Oh Totite, you would never offend me…

My H’s drinking has slowed down considerably these last few weeks. The last two Saturday nights that he has been out, I ASSumed that’s where he was headed, but I don’t know for sure that he is actually drinking. Usually you can smell the smoke or the alcohol on his body and clothes, but I don’t notice that. At this point I’m not ready to do anything about it either. I’m not excusing H’s behavior not making light of it, but there are people who drive drunk every day, who drive drunk all of their lives and nothing ever happens to them, nor are they ever stopped. If I did an “intervention” or something like that I don’t know that I could live with myself…I’m not ready to effect someone’s life that way at this point.

H was drinking last night, had a retirement party for a co-worker…I hope I’m not stereotyping too much, but construction workers are drinkers. H came home and of course after drinking wants to I must admit he is very loving when he's like that. Even some passionate kissing H rarely kisses me anymore while

Maybe this is just me, but I think H is thinking a little more about his behavior, that he waits till after S is in bed to come home. In the last month I think there has been only one time that S has seen him after a few.

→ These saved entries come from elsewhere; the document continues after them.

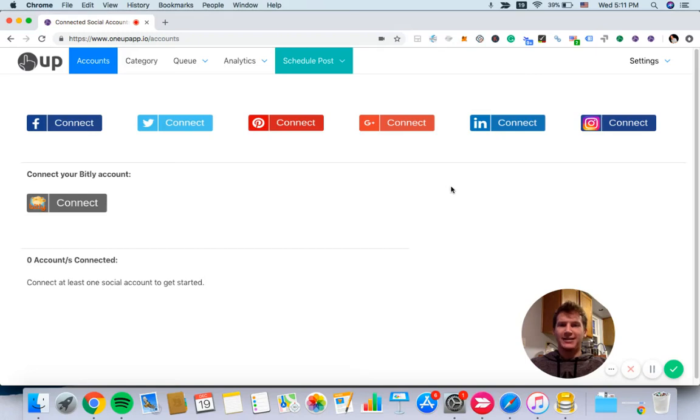Hey guys, it's Davis from 1UP, and I'm going to show you how to get started with your 1UP account.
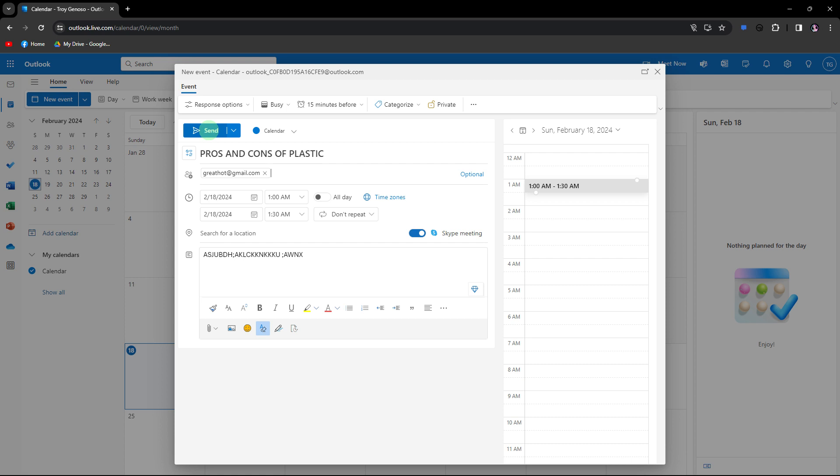Once you've added a Teams Meeting, go ahead and click on Send to send a Meeting Invitation.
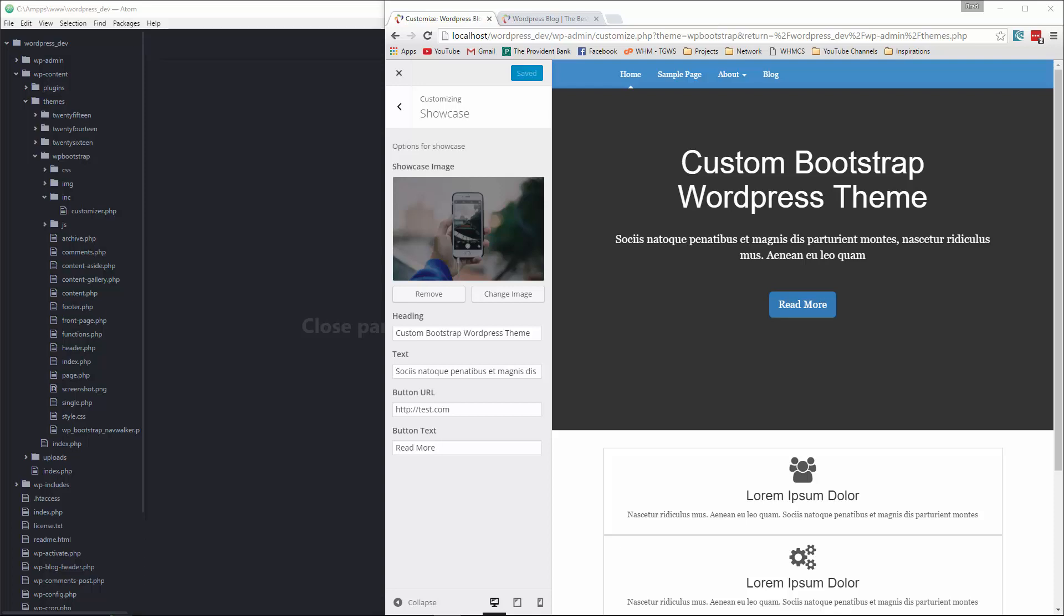Hey guys, welcome back. This should be the last video for this series. In the last video we went ahead and created our fields here in the theme customizer. Now what we want to do is implement them. We want them to actually make a difference in our theme, in our showcase.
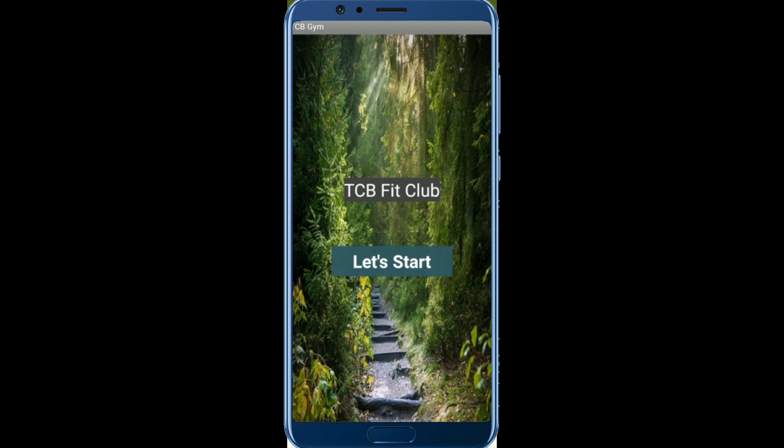You can see the demo of our app here. That's the first screen — TCV Fit Club — and you can see the button 'Let's Start.' There is a background image, a peaceful background image, just relax.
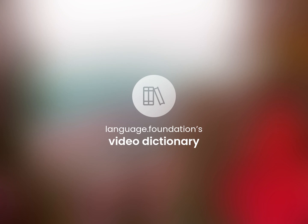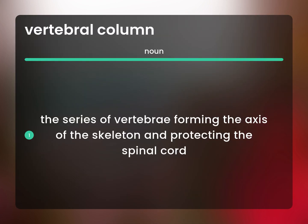Language.Foundation's Video Dictionary, helping you achieve understanding. The series of vertebrae forming the axis of the skeleton and protecting the spinal cord.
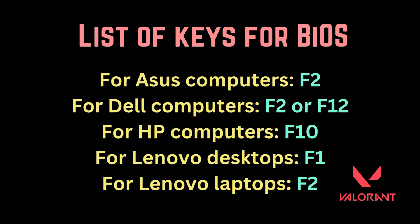For ASUS computers, press F2. For Dell computers, press F2 or F12. For HP computers, press F10. For Lenovo desktops, press F1. For Lenovo laptops, press F2.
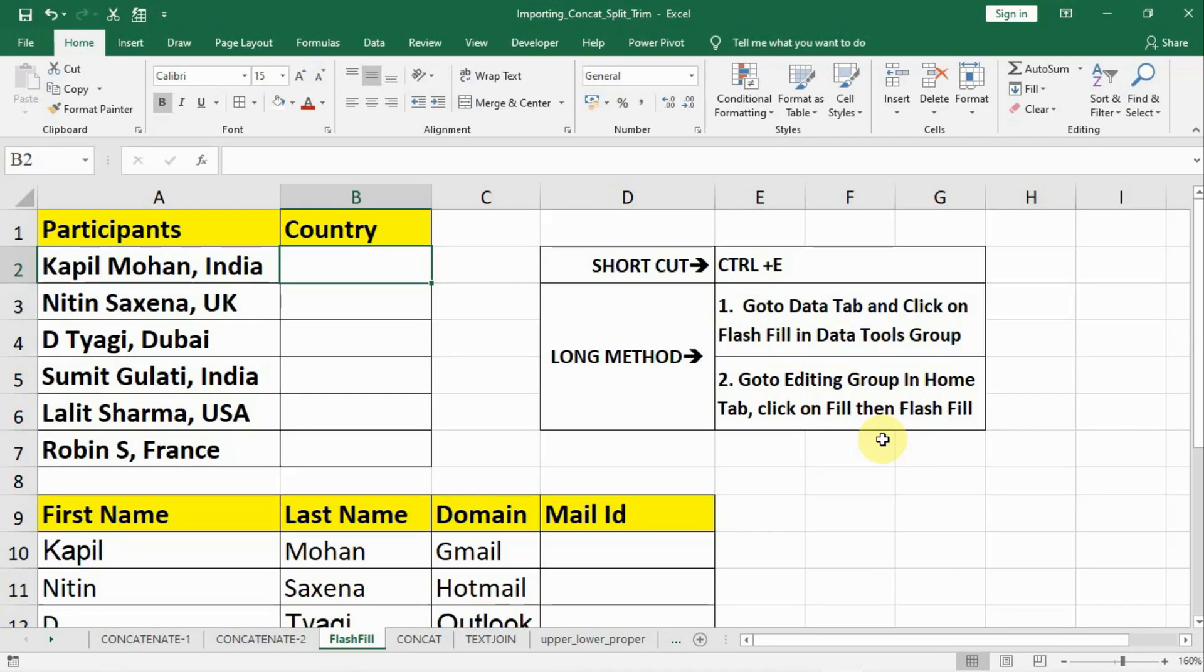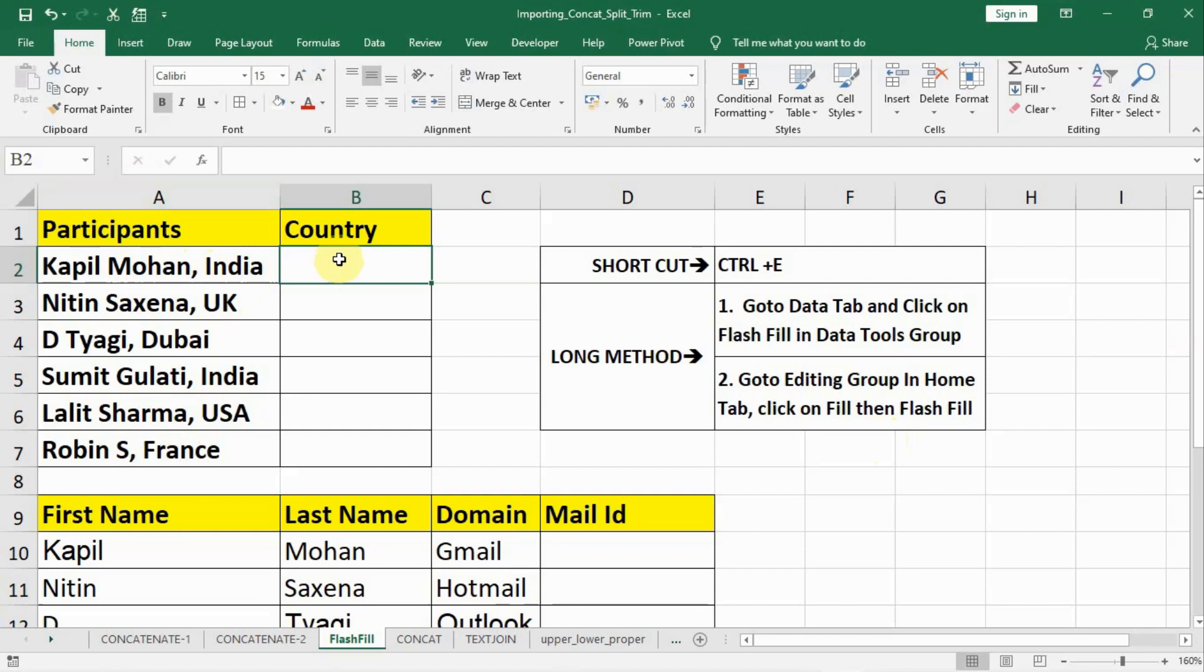In this lecture, we will do a small revision of Flash Fill. We are having participants' names, and after a comma, the country name is given. How to extract the country name? Let us type down the first country name.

Even the last few Saturday nights, he has COME home. I have no idea where he goes or where he's been, but he does COME home to me.

I notice that I’ve been on the BB a year come Sunday. It’ll be four months since my H moved home and almost 13 months since I started looking at who I was, what I needed to change, what I wanted to change to become a better ME oh yeah and 13 months since the bomb . Last night I was thinking about the “act as if” attitude we’re schooled in on the BB is not so much of an “act” anymore. It’s me! Wow!